June 13th, 2008
If you are at all familiar with the massively parallel sequencing platforms, you know that the raw data, the images, look a lot like star field pictures. Once you process all these images, you get DNA sequences, called “reads”. For these technologies, the reads are typically short, 30 to 50 bases, which presents difficulties when trying to align these reads back to a reference genome. For one, the shorter the sequence, the less unique it is, i.e., the more places in the reference genome it can match. However, the data is not the only problem. The reference genome is a problem too. While each of us has two different versions of each autosomal chromosome (i.e., you have a diploid genome), when you download the human reference genome, you get a single base at each position (i.e., a haploid reference) (there are a few exceptions where an alternative haplotype is provided as a separate sequence). The reference is distributed in FASTA format which can support the full IUPAC DNA codes and therefore would allow one to specify multiple nucleotides at a given position, e.g., R means G or A. Unfortunately, most aligners do not support the full set of codes by default (one exception is Mosaik).
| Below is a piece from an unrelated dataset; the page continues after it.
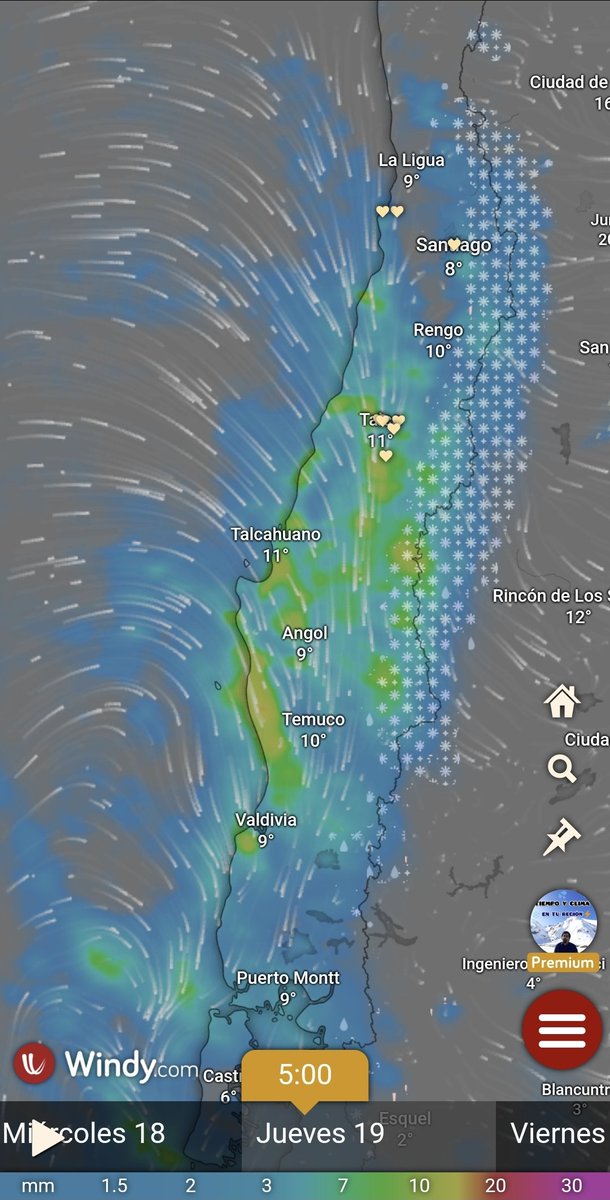 Aviso. Evento con características de temporal.

Entre noche del miércoles y tarde del jueves la lluvia estará acompañada de ráfagas de viento sobre 50-70 km/hr entre costa de O'Higgins a Araucanía. 30-50 km/hr en costa de Valparaíso.
En sectores de la RM no descartes ráfagas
Not supporting the full set of nucleotide codes is only part of the problem of representing variation in a reference genome. Insertions and deletions (indels) and more complex structural variations cannot be represented in a single FASTA reference. As is the case for the alternative haplotypes in the human reference sequence, you can have multiple haplotypes in a reference but they are represented as multiple, distinct sequences which often have portions of their sequences that are identical (especially at the beginning and end). This presents a difficulty for short-read aligners which are trying to uniquely align a 30 b read. If the same 30 b sequence appears in multiple sequences in the reference, the aligner has no way of knowing whether the identical reference sequences are truly different or just fragments of alternative haploypes. Fortunately, there are other formats and representations that can accommodate indels, rearrangements, and repeats without artificially introducing repetitive sequence. One such format is de Bruijn graphs. Several assemblers for short-read sequences already use de Bruijn graphs to represent their assemblies, e.g., EULER and Velvet. One could imagine that the overlap engine from these assemblers could be converted into an algorithm to align sequence to a reference represented as a de Bruijn graph. While de Bruijn graphs may be overkill for such a task, there are undoubtedly efficient ways to represent multiple, complex haplotypes and align reads against them.
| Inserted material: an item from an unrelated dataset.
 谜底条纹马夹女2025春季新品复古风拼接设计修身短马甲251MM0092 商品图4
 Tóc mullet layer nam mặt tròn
Another challenge for aligners is aligning cDNA sequence to a transcriptome reference. Captured mRNA used to create a cDNA library can be in a variety of states, e.g., before and after splicing, and represent various splice isoforms. Representing all possible processing states and splice isoforms in a FASTA reference is extremely difficult. When you try to do it, you end up with a situation similar to the alternative haplotypes mentioned above: identical sequences representing the same parts of the reference confuse the aligner. Fortunately, the same solution to this problem discussed above can be applied here too.
Why go to all the effort of developing an aligner that could align to a complex, n-ploid reference? If such an aligner were available, the detection of novel variants would be enhanced because you would not be penalized when aligning against known SNPs or indels and therefore would be better able to detect unknown variations in close proximity to known ones. You would also be better able to interpret alignment results because by reducing ambiguity in your reference, you would reduce ambiguity in your results.